--- WHAT IS NEEDED ---
Shown below are entries with pictures; the line with "Hugo Boss HB1513390" through the line with "Volvo XC60 (2026) — foto 1" is the span to retype exactly, and the pictures stay out.

--- DATASET RECORDS ---
⟨
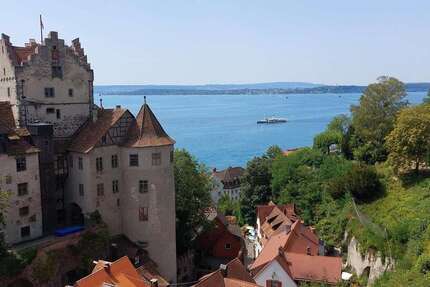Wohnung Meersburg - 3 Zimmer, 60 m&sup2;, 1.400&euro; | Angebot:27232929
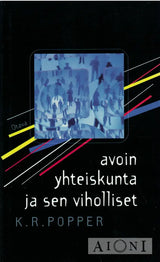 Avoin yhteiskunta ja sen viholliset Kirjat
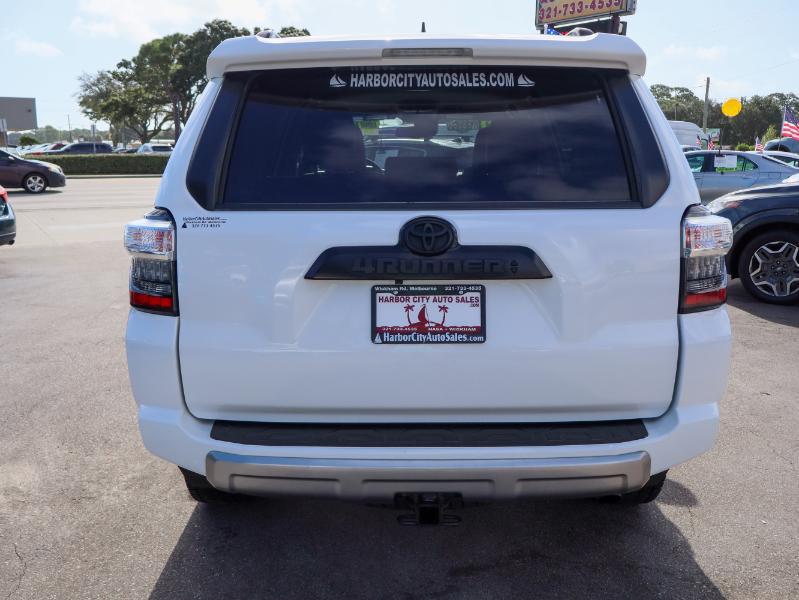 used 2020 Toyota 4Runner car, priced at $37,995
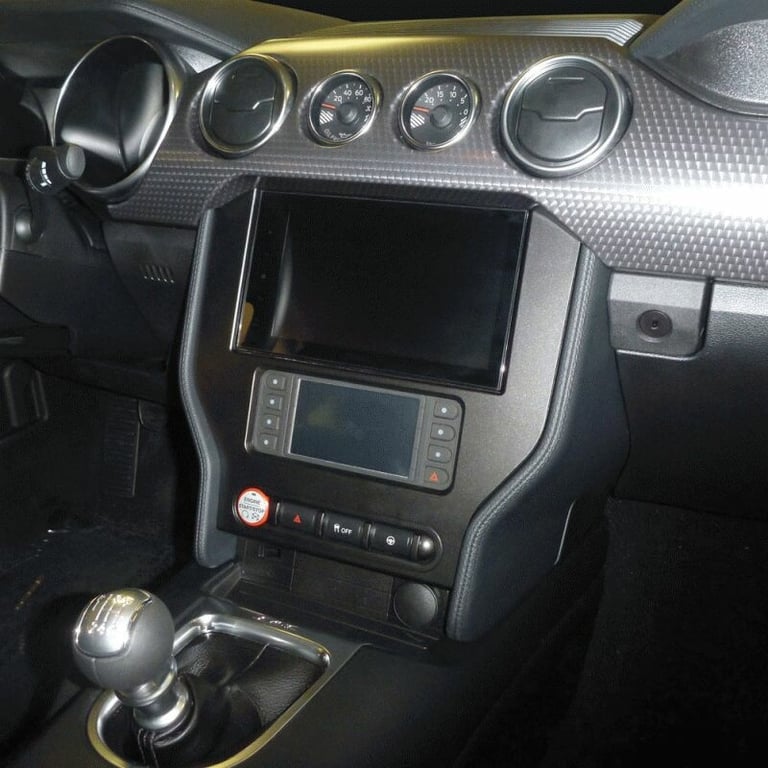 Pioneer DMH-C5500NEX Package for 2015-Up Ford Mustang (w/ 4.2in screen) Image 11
⟩
⟨
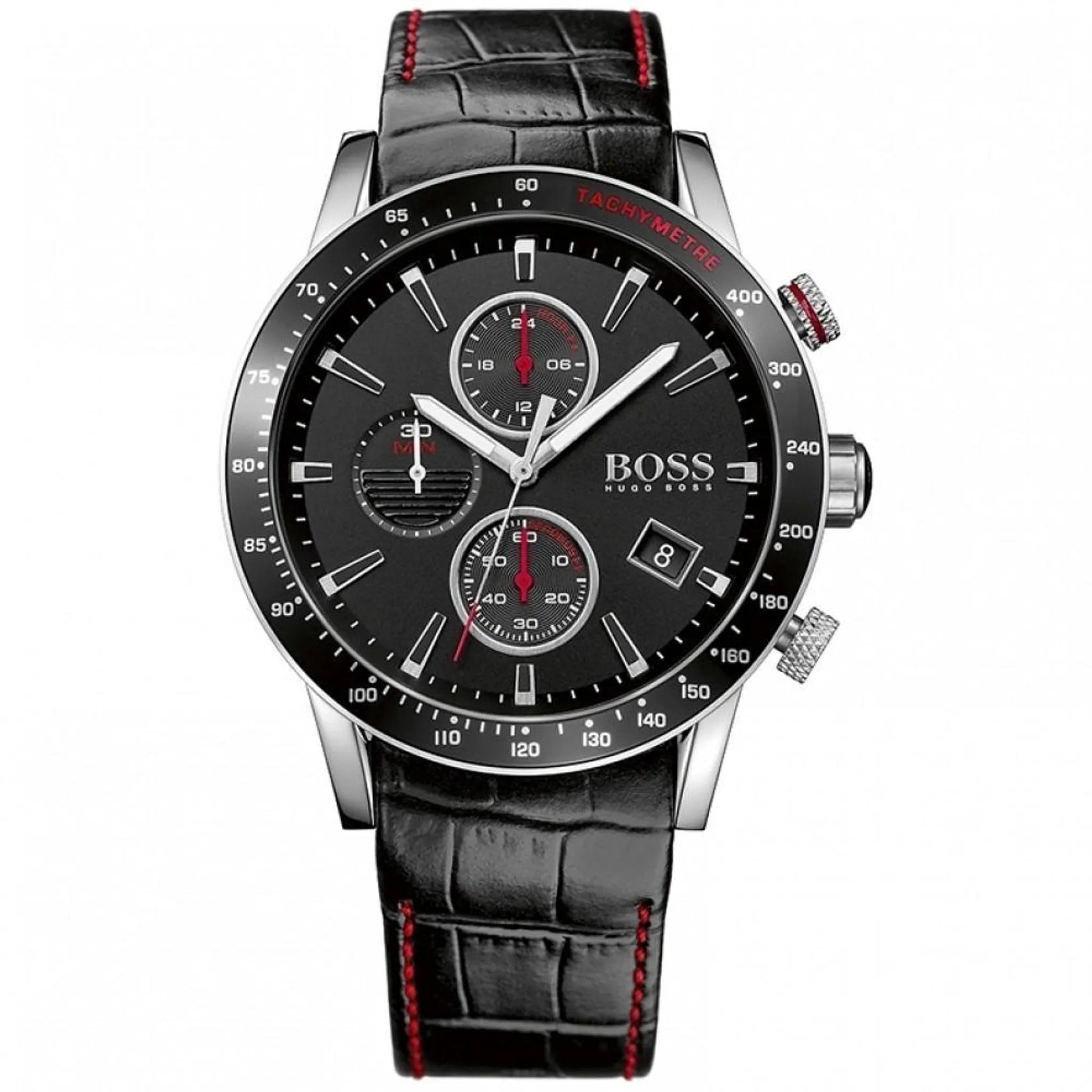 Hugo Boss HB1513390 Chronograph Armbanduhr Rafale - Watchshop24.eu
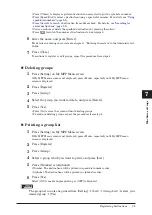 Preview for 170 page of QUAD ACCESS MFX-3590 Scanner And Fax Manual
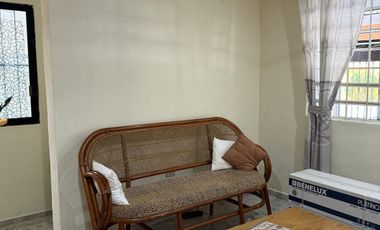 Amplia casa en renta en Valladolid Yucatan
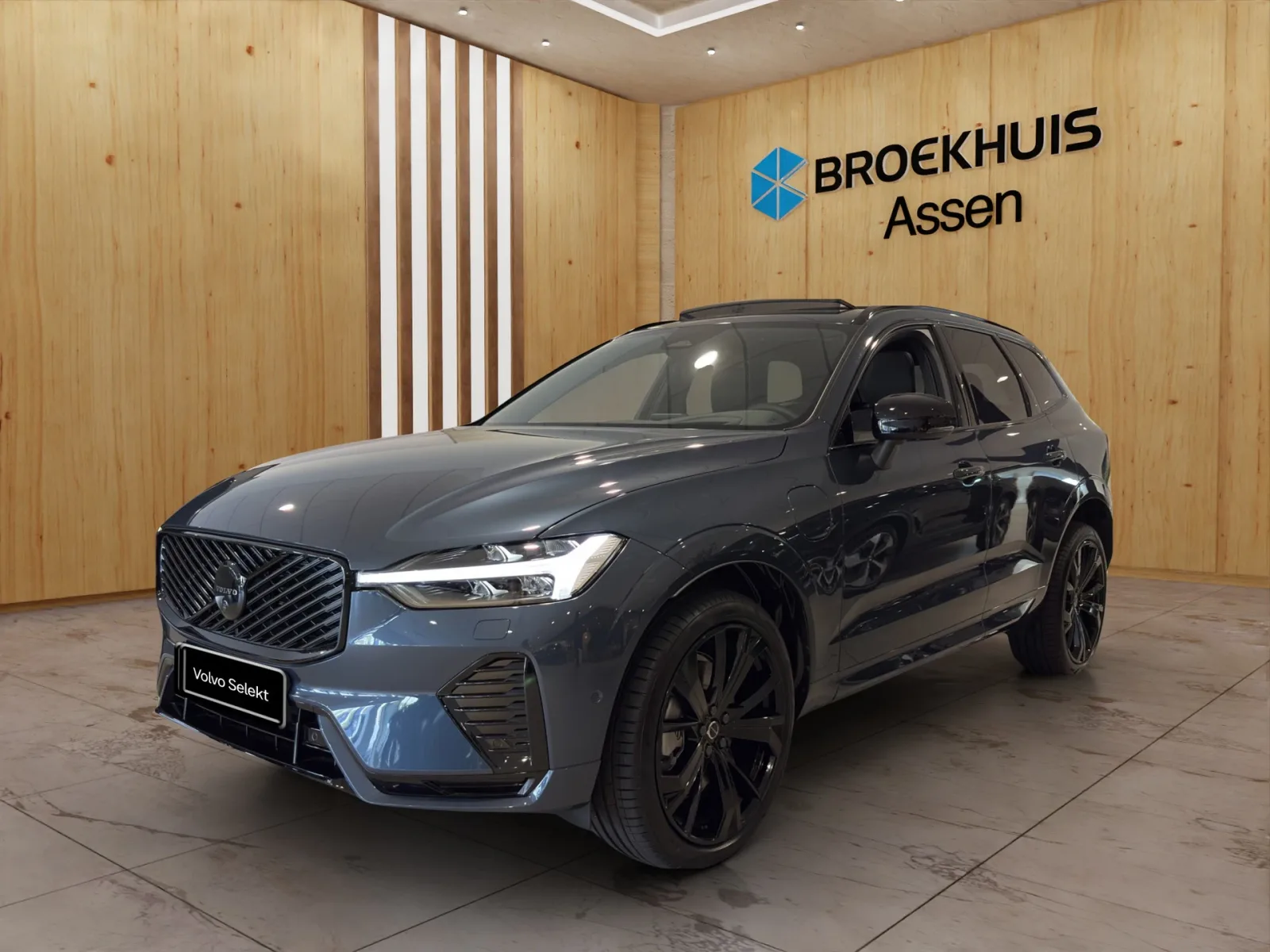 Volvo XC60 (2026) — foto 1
⟩
⟨
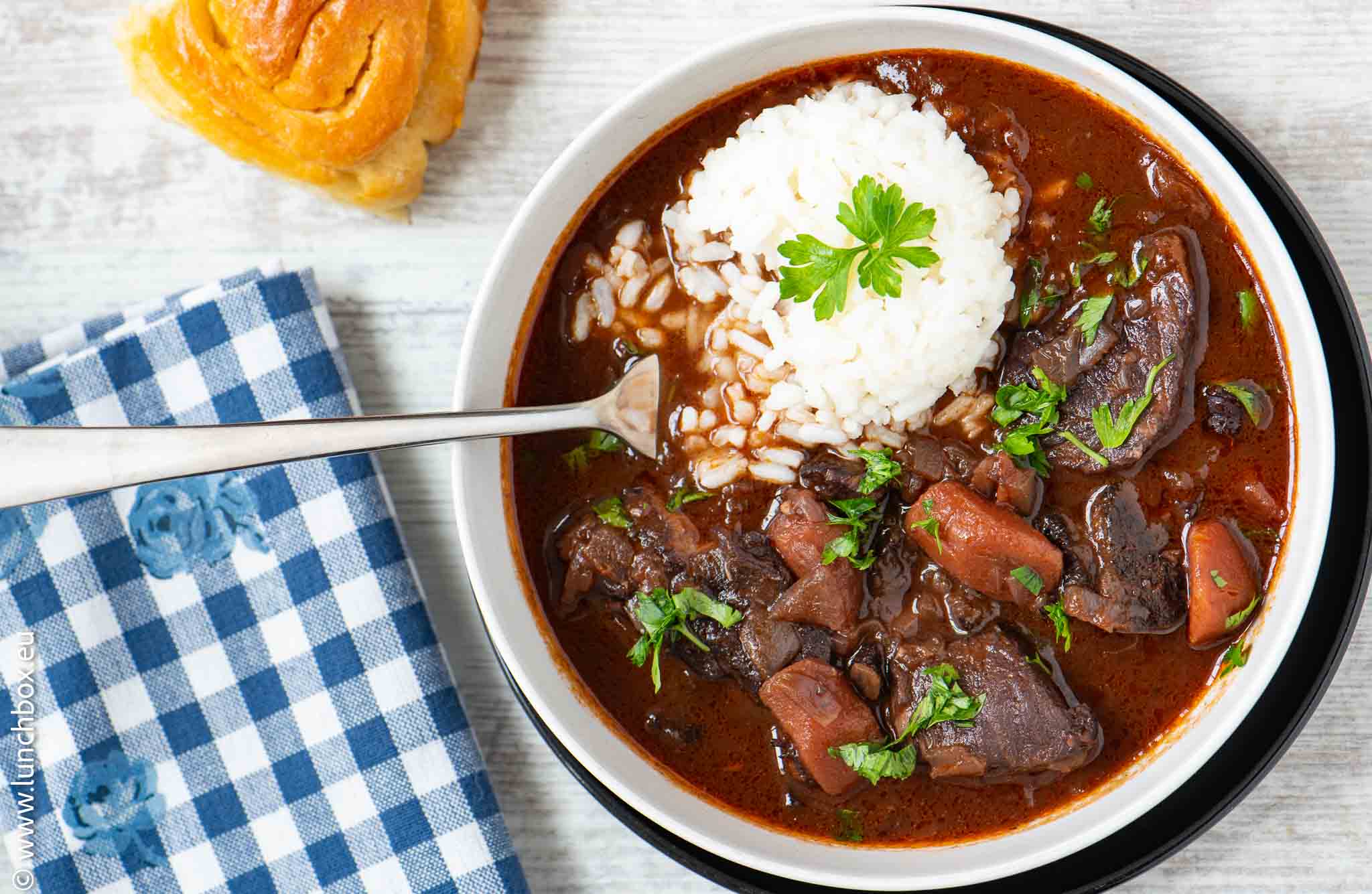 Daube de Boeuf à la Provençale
⟩
--- EXERCISE RESULT ---
 Hugo Boss HB1513390 Chronograph Armbanduhr Rafale - Watchshop24.eu
 Preview for 170 page of QUAD ACCESS MFX-3590 Scanner And Fax Manual
 Amplia casa en renta en Valladolid Yucatan
 Volvo XC60 (2026) — foto 1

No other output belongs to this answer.